Tuesday 15 December 2015

Why are we still talking about this?


When I was a child ‘correct’ was for sums and spelling. In novels, people who upheld old-fashioned standards of social behaviour were sometimes called ‘correct’. At some point in the 70s some people on the Left started scrutinising each other’s language for deviations from a new kind of correctness.

In the 1950s Nancy Mitford had popularised the class distinction (first defined by the linguist Alan Ross) between U and non-U vocabulary. Now we had PC versus non-PC, a whole new way to make people feel bad about the way they spoke. The phrase was always going to be a hostage to fortune. There’s something joyless about enforcing correctness – it feels like a narrow achievement.

It wasn’t aimed at the grosser forms of verbal abuse – governments were passing laws against sexual harassment and incitement to racial hatred – and it didn’t touch circles not already inclined to watch their language. As the American sociologist and cultural commentator Todd Gitlin put it, the Left ‘marched on the English Department while the Right took Washington’.

I don’t know how these things went in America, but in Britain, by the 1980s, with Thatcher in power and Murdoch buying up the press, political correctness was regularly being mocked in the tabloids with tales of the ‘looney left’. Apparently the Inner London Education Authority had forbidden teachers to speak of blackboards. ‘Chalkboard’ was the preferred PC usage. Was this true? Who knows?
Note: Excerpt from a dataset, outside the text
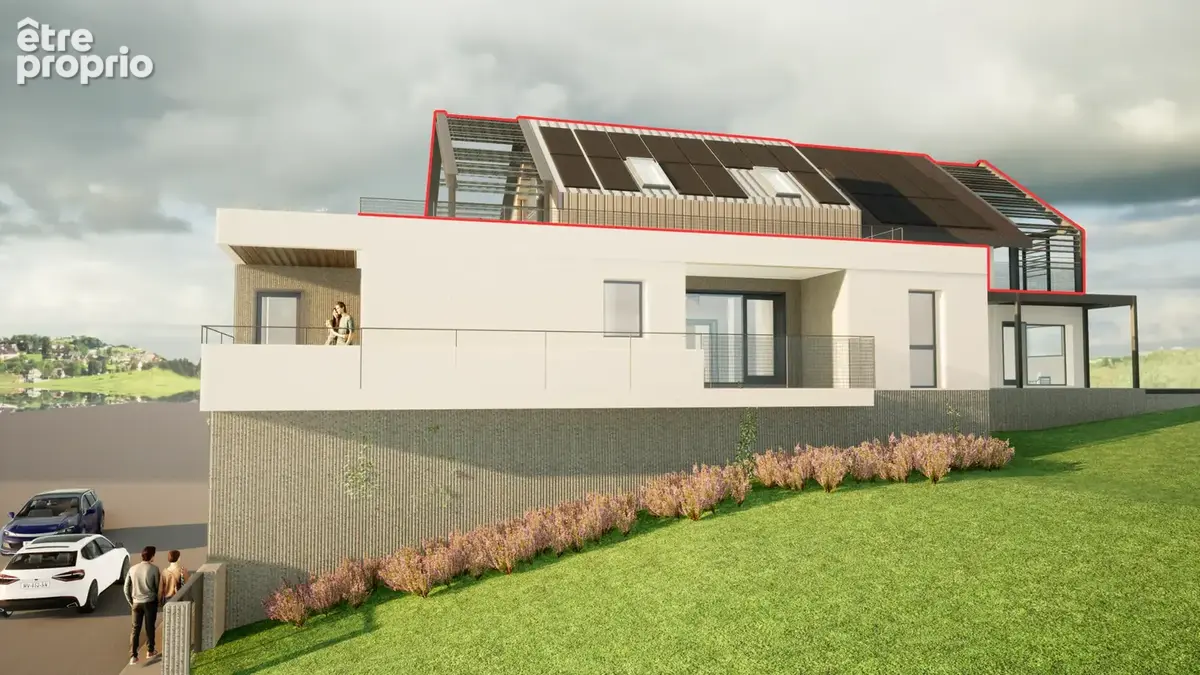 MOUXY - VEFA T4 en attique 116m2 avec 77m2 de terrasses - résidence neuve - photo 7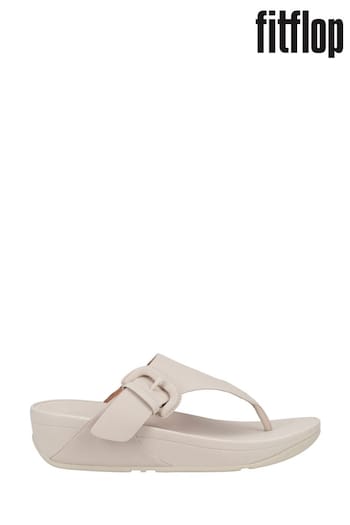FitFlop Viper Lulu Buckle Toe Post Sandals (B12654) | £85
Political correctness was always a redundant concept. Its territory was already covered by three other categories: accuracy, politeness, and euphemism. All the satirical jokes came under the third heading – calling short people ‘vertically challenged’, for example. As for accuracy and politeness, they’re timeless values that need no apology, though they probably demand more conscious effort in inclusive, multicultural times.

Having been taken over by the Right as a stick to beat lefties with, PC was long ago rendered meaningless by misapplication and overuse. Any perceived infringement on individual liberty, from the arrest of a householder for shooting a burglar to the EU’s legendary ruling against curvy bananas, might be condemned in The Daily Mail or The Sun as ‘political correctness gone mad’ (as if those papers recognised any sane kind).

Forty years on, you’d think the concept would have burnt itself out. Who would have imagined that it could form the basis of a whole US presidential campaign? Overthrowing political correctness has become Trump’s only coherent promise to the nation. Vote for me, he seems to say, and you too will be free to spread slanderous generalisations about Mexicans, make up statistics about black crime, insult women for not being attractive enough, impersonate disabled people, and finally come out of the closet about hating Muslims.

Speaking in Donald Trump’s support last week, Republican Senator Steve King said that ‘political correctness has people walking on eggshells’. How squeamish they must be about causing offence, these Trump supporters, and how they must long to be liberated from the anxiety of hurting other people’s feelings. A vote for Trump means never having to say you’re sorry.